What the task asks: Only the lines from the one with "GM AOD Kickdown" to the end of the data, both ends included, should be output, exactly as they stand and without pictures.

Web page caption snippets
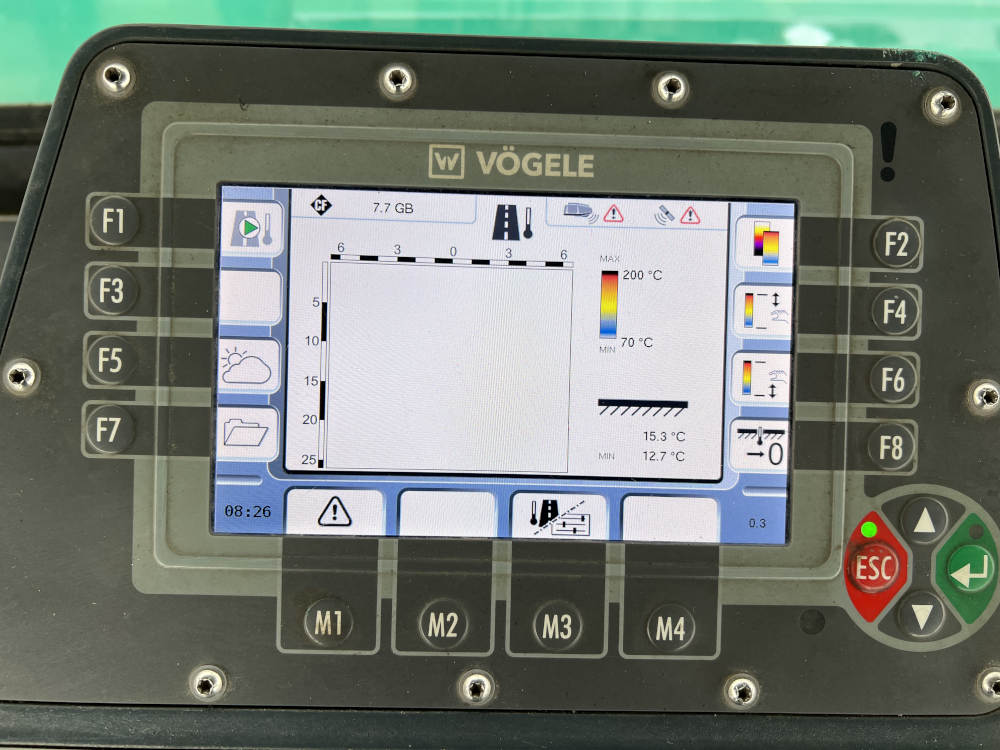 Usato 2018 Vogele Super 1900-3i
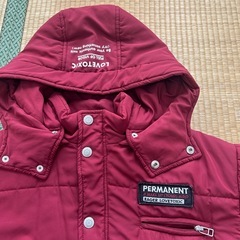 LOVETOXIC ダウンコート M（150）sizeの画像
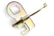GM AOD Kickdown Cable Bracket for Use Only on Models 4150 & 4160 Carburetors with 700R-4 Transmissions Holley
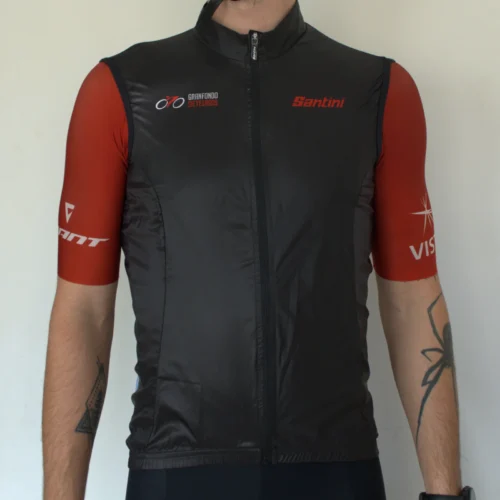 Chaleco Rompeviento x Santini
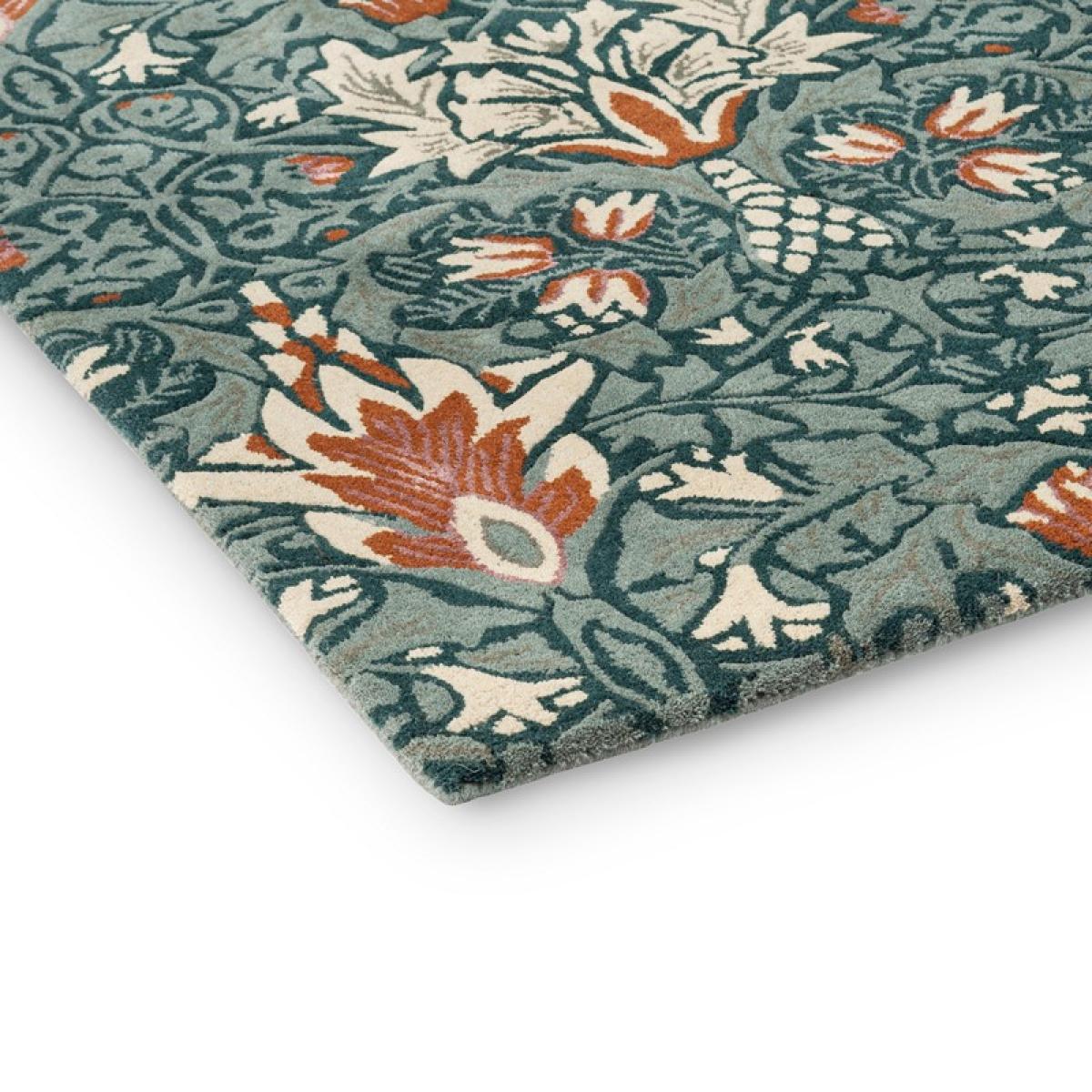 Snakeshead Runner Rugs 127207 in Thistle Russet by William Morris&nbsp;70x300cm – image 2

Task answer:
GM AOD Kickdown Cable Bracket for Use Only on Models 4150 & 4160 Carburetors with 700R-4 Transmissions Holley
 Chaleco Rompeviento x Santini
 Snakeshead Runner Rugs 127207 in Thistle Russet by William Morris&nbsp;70x300cm – image 2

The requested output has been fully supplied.